Apalah arti saya bila dibandingkan dengan seorang Anies Baswedan. Saya yamg hanya lulusan Aliyyah, dan kini tengah mengumpulkan biaya untuk melanjutkan pendidikan, tentu tak sebanding dengan rentetan gelar yang disandang oleh Bung Anies. Belum lagi soal garis keturunan, tak ada yang bisa dibanggakan. Garis keturunan saya yang hanya buruh "ngaput" topi tentu jauh berbeda dengan garis keturunan Bung Anies yang notanene seorang pejuang dan tokoh kemerdekaan Indonesia. Satu-satunya kebanggaan diri saya ialah bahwa sedari kecil saya lahir dan besar dalam lingkungan pesantren.
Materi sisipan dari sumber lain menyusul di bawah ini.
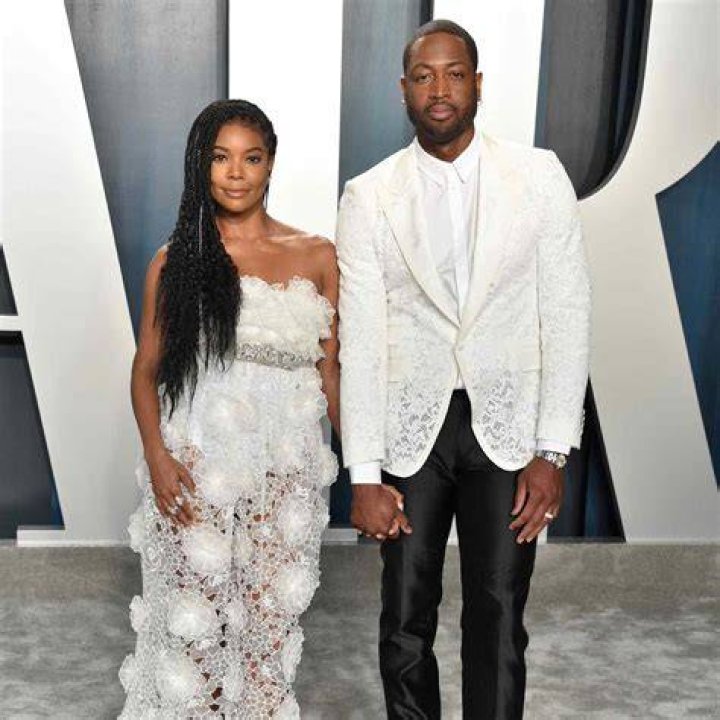Dwayne Wade And Gabrielle Union met gala 2019 black suit ball gown red carpet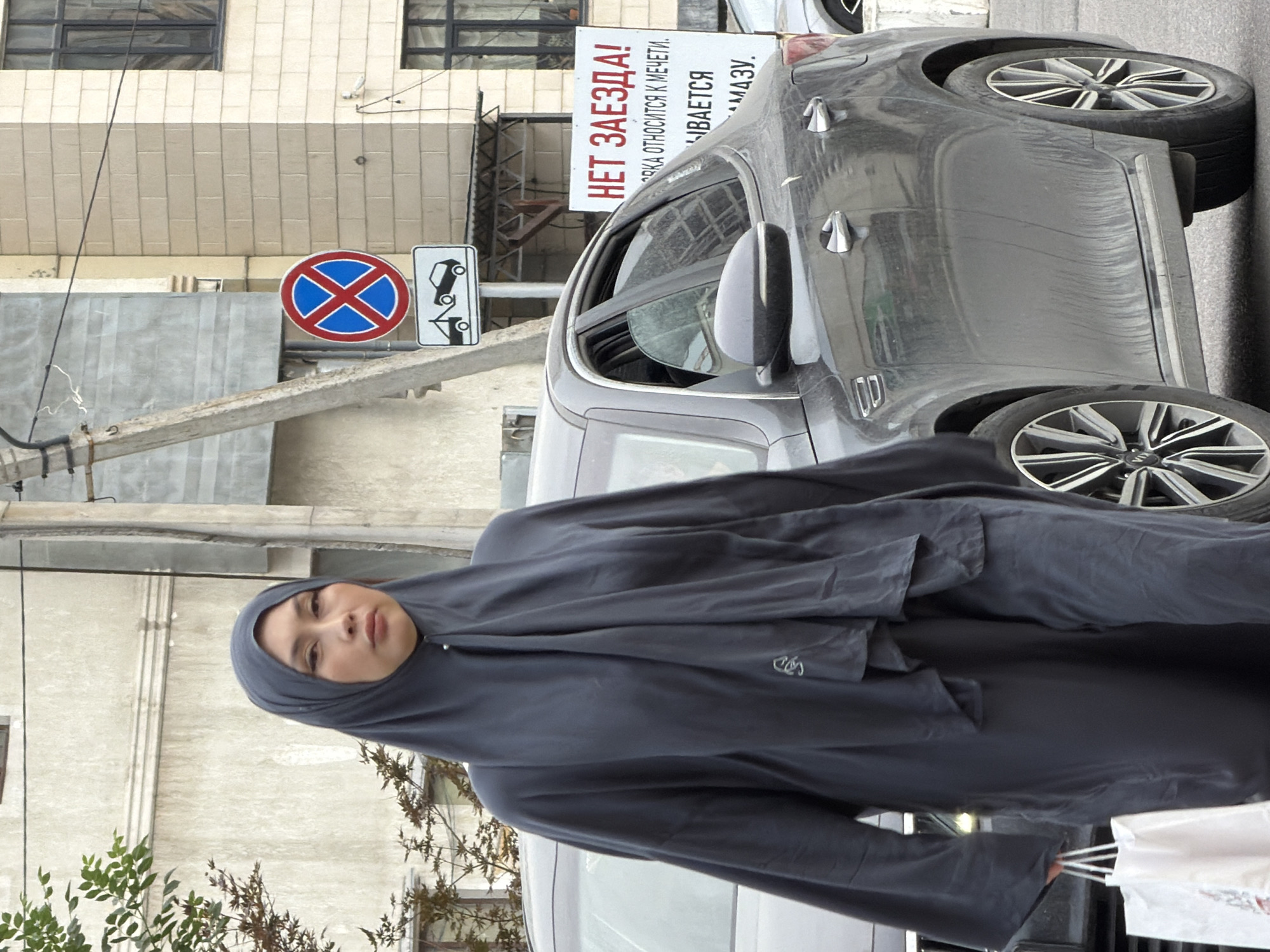 A woman wearing a dark gray hijab and a matching modest outfit walks past a parked dark gray sedan. She is carrying two white shopping bags in her left hand. The car has tinted windows and chrome door handles. In the background, a street sign with a red circle and a blue cross indicates no parking, and below it, a sign depicts a tow truck towing a car. Another larger white sign with red text that reads "НЕТ ЗАЕЗДА!" (No Entry!) is visible further to the right, with additional text below it. The scene appears to be on a city street with buildings and a utility pole in the background.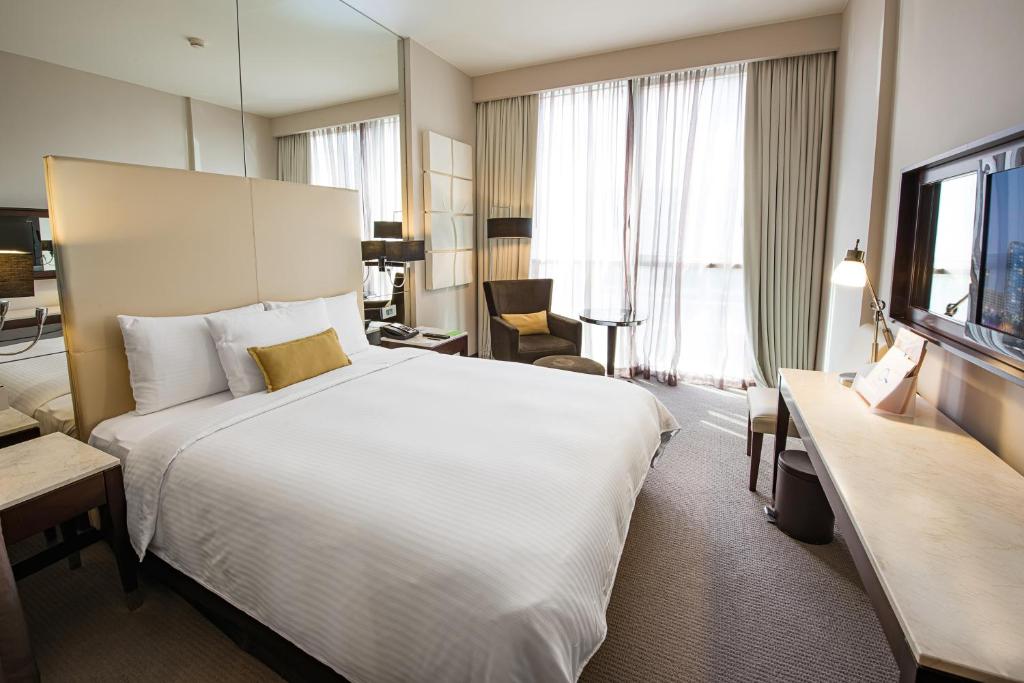 a hotel room with a large bed and a desk at Centro Al Manhal by Rotana in Abu Dhabi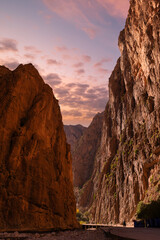 Rocky canyon, people, clear blue sky.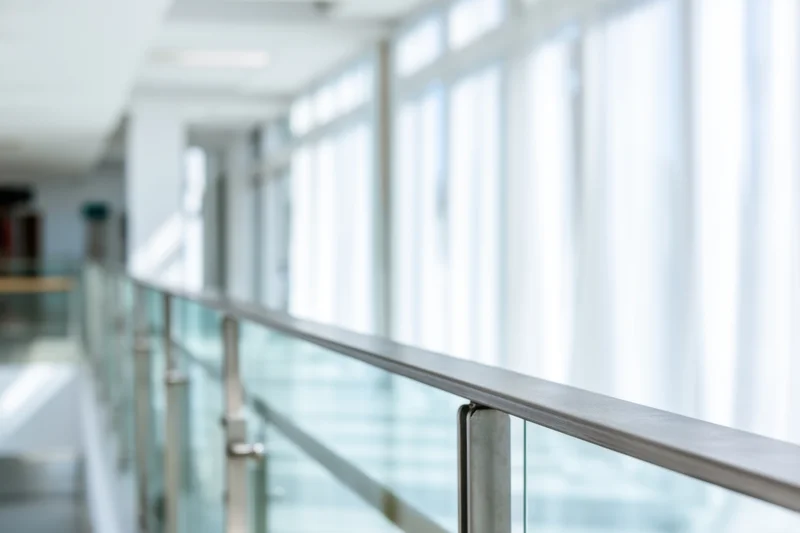 Glass railing along a bright modern office hallway with soft focus background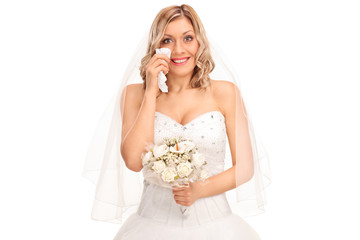 Young blond bride crying out of joy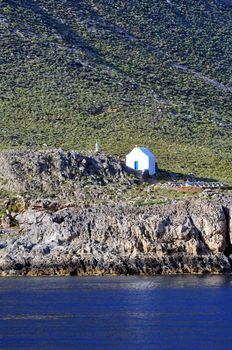 Travel photography: Isolated white Greek chapel by the sea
Walhasil, apalah arti saya bila dibandingkan dengan Bung Anies. Wajar pula jika saya mengagumi Bung Anies.
Namun, menyaksikan video rekaman ceramah Bung Anies di hadapan penyimak, yang salah satunya ialah Habib Riziek, membuat saya tercenung. Pernyataan Bung Anies, "Bahwa sebelum tahun 1934, nama Indonesia belum ada", membuat dahi saya berkerenyit.
Pertama, tidak ada yang salah dengan pernyataan Bung Anies, meskipun tidak pula benar. Mengutip Fachri Ali ketika diskusi buku "AR Baswedan: Membangun Bangsa Merajut Keindonesian", seperti dikutip dari Historiaonline, ketika itu (1934), Indonesia masih berupa konsep. AR Baswedan berani menyatakan dirinya dan kaumnya bertanah air Indonesia. (Lihat Historia: AR Baswedan: Perajut Keindonesiaan).
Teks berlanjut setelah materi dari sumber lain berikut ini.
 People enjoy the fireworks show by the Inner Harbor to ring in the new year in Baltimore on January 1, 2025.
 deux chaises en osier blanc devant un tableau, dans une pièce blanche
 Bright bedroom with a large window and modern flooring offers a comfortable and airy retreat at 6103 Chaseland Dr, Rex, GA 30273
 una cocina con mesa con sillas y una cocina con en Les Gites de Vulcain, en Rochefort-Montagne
Namun tidak pula benar jika Bung Anies menyatakan bahwa sebelum tahun 1934 nama Indoneia belum ada. Enam tahun sebelum Sumpah Pemuda keturunan Arab digelar, di sebuah rumah kontrakan, yang kini berada di Jalan Kramat Raya 106, sekelompok pemuda menggelar perkumpulan yang kemudian menjadi cikal bakal Sumpah Pemuda 1928. Sumpah Pemuda 1928 melahirkan tiga butir kesepakatan, yang intinya bersepakat bertanah air, berbangsa dan berbahasa Indonesia. Bahkan lagu kebangsaan "Indonesia Raya" pertama kali diperdengarkan pada Kongres Pemuda II pada tahun itu.
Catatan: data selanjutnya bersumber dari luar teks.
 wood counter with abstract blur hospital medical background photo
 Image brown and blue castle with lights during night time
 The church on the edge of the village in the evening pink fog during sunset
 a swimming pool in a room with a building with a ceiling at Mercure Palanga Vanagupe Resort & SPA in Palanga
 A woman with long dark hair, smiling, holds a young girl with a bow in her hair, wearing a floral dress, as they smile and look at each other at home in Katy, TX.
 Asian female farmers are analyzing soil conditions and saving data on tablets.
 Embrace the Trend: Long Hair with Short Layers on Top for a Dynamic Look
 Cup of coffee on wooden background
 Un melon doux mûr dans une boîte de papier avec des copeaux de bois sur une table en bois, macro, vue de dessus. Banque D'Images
Jika AR Baswedan pada tahun 1934 mendirikan Persatuan Arab Indonesia (PAI), maka empat tahun sebelumnya, pada tahun 1932, kaum keturunan Tionghoa di Indonesia telah terlebih dahulu mendirikan Partai Tionghoa Indonesia (PTI), yang berorientasi sama dengan PAI yakni nasionalis.